Supplementary Hesperidin Alleviated CPT-11-Induced Diarrhea by Modulating Gut Microbiota and Inhibiting the IL-17 Signaling Pathway

Abstract

Irinotecan (CPT-11) is a chemotherapy agent commonly used for the treatment of gastrointestinal tumors, with diarrhea being a frequent adverse effect. Hesperidin is a flavonoid abundant in citrus fruits and has shown potential in managing CPT-11-induced diarrhea (CID). However, the mechanisms underlying its effects remain unclear.

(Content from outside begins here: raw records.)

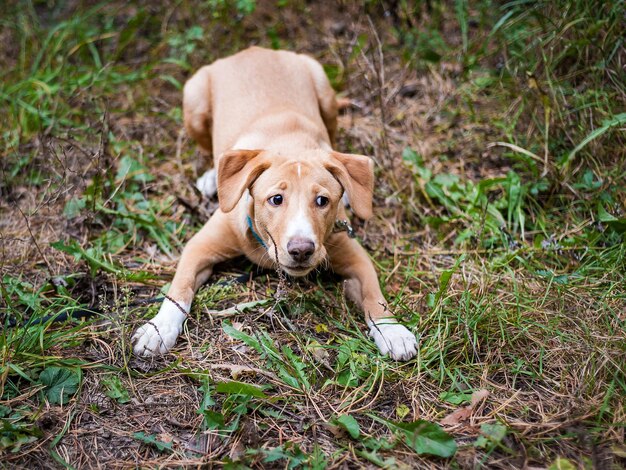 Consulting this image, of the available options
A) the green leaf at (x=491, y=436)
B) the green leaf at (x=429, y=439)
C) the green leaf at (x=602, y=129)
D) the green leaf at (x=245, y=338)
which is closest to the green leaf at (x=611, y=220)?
the green leaf at (x=602, y=129)

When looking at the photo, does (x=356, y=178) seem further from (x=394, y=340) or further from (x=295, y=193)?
(x=394, y=340)

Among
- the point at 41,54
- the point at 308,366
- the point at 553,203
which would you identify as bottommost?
the point at 553,203

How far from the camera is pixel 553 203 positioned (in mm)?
4359

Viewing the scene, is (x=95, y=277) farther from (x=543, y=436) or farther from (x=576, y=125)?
(x=576, y=125)

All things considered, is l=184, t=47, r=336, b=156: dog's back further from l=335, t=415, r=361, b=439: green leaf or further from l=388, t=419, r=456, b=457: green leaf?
l=388, t=419, r=456, b=457: green leaf

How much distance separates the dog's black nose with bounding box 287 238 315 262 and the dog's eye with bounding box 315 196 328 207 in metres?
0.33

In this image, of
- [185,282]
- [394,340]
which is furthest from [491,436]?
[185,282]

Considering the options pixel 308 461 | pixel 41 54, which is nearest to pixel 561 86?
pixel 308 461

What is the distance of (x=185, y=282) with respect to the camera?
11.8 ft

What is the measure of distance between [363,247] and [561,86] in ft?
6.82

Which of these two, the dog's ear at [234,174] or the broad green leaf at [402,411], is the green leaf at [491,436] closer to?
the broad green leaf at [402,411]

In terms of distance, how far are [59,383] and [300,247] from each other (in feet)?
4.59

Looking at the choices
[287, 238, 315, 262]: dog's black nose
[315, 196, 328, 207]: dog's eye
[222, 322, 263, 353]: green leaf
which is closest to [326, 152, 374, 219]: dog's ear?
[315, 196, 328, 207]: dog's eye

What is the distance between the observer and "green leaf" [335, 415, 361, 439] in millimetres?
2715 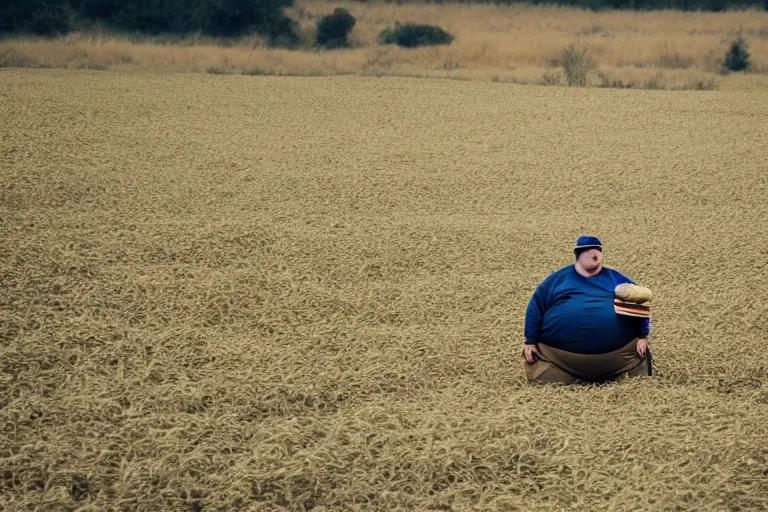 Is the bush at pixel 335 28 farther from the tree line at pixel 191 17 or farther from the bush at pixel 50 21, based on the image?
the bush at pixel 50 21

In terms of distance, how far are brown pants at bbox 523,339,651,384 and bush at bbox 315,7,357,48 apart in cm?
1985

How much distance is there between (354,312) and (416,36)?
750 inches

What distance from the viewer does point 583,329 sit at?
453 cm

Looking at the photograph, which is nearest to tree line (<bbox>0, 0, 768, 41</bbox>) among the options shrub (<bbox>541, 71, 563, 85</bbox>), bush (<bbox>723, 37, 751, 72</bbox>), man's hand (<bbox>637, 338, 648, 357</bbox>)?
shrub (<bbox>541, 71, 563, 85</bbox>)

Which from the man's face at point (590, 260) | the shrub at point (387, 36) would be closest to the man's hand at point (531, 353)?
the man's face at point (590, 260)

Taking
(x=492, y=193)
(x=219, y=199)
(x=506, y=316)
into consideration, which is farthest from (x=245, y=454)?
(x=492, y=193)

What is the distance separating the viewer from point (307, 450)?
397 centimetres

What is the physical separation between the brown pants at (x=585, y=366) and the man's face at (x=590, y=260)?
463 mm

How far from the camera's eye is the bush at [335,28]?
23594 mm

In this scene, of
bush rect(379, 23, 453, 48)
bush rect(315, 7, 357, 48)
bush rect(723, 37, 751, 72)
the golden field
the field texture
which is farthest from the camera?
bush rect(379, 23, 453, 48)

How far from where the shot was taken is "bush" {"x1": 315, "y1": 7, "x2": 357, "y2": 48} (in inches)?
929

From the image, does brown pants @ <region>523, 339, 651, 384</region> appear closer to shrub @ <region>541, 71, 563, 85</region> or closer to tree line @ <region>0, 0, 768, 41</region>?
shrub @ <region>541, 71, 563, 85</region>

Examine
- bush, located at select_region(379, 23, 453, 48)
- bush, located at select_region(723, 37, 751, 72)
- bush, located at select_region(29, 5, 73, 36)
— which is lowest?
bush, located at select_region(723, 37, 751, 72)

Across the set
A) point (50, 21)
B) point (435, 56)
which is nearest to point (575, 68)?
point (435, 56) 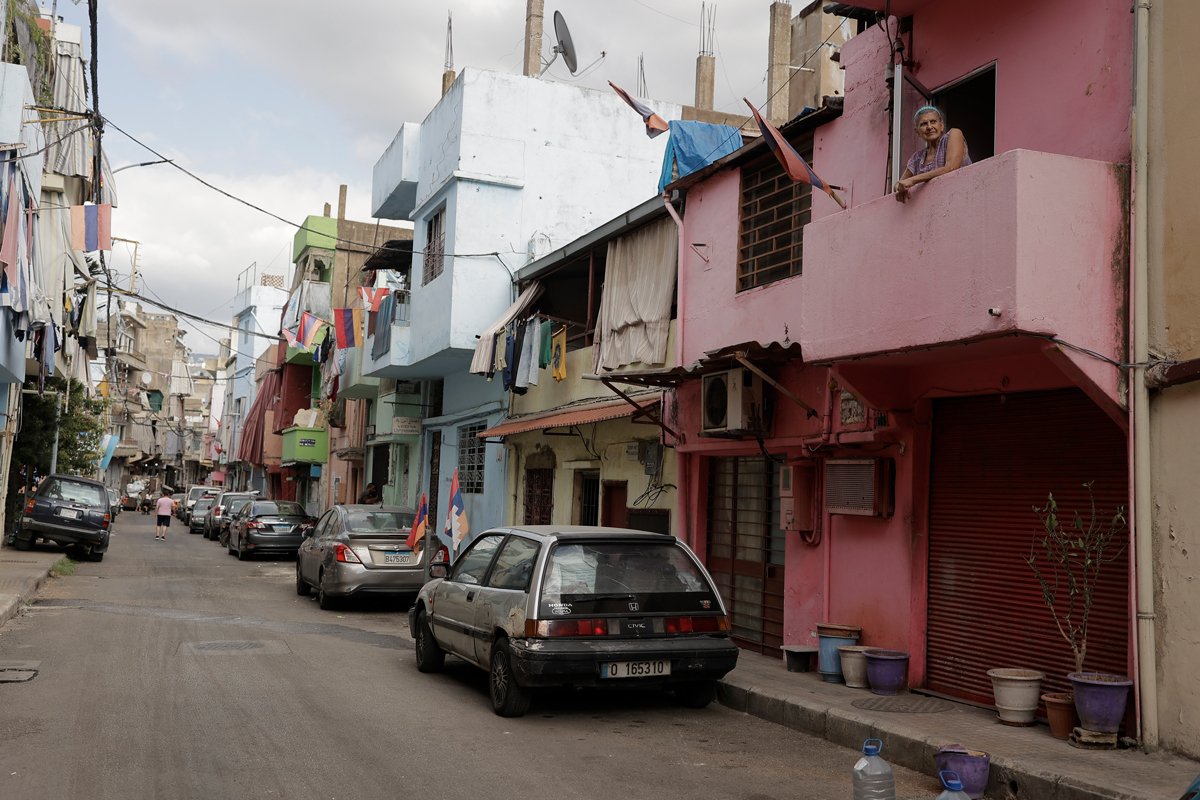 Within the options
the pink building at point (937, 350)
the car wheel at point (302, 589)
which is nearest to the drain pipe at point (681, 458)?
the pink building at point (937, 350)

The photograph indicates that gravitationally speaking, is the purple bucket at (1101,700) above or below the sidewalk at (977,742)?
above

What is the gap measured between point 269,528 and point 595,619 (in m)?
19.7

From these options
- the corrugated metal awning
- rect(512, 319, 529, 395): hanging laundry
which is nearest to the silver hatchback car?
the corrugated metal awning

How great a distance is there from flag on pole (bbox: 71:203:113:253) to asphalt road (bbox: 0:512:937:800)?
341 inches

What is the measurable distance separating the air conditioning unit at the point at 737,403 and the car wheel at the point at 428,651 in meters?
3.74

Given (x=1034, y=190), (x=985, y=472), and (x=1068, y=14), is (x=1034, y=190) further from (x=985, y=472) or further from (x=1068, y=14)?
(x=985, y=472)

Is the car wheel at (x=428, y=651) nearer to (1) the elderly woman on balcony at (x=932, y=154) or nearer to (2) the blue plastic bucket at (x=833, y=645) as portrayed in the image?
(2) the blue plastic bucket at (x=833, y=645)

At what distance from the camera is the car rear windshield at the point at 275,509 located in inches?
1046

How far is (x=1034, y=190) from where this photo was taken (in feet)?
22.0

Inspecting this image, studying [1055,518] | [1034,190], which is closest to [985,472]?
[1055,518]

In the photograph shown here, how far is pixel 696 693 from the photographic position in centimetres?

This study established a mouse model of CID using CPT-11 administration to evaluate the effects of hesperidin on diarrhea severity, intestinal pathology, gut microbiota composition, and metabolite profiles by conducting biochemical analysis, histopathology, immunohistochemistry, 16S rRNA sequencing, and untargeted metabolomics. In addition, transcriptomic analysis, molecular docking, and molecular dynamics simulations were conducted to investigate potential mechanisms of action. Hesperidin supplementation was found to significantly alleviate CID in mice. Analysis of gut microbiota using 16S rRNA sequencing revealed that hesperidin improved microbial composition, with key taxa such as Alistipes, Limosilactobacillus, Rikenella, and Mucispirillum playing a central role in ameliorating CID. Furthermore, hesperidin enhanced intestinal barrier function by upregulating tight junction proteins, mitigating epithelial damage, and reducing the expression of IL-17A, TARF6, p38, phosphorylated-p38 (P-p38), and AP-1 proteins in the colon. These findings suggest that hesperidin supplementation mitigates CID by modulating gut microbiota and inhibiting the IL-17 signaling pathway, thereby improving intestinal barrier integrity.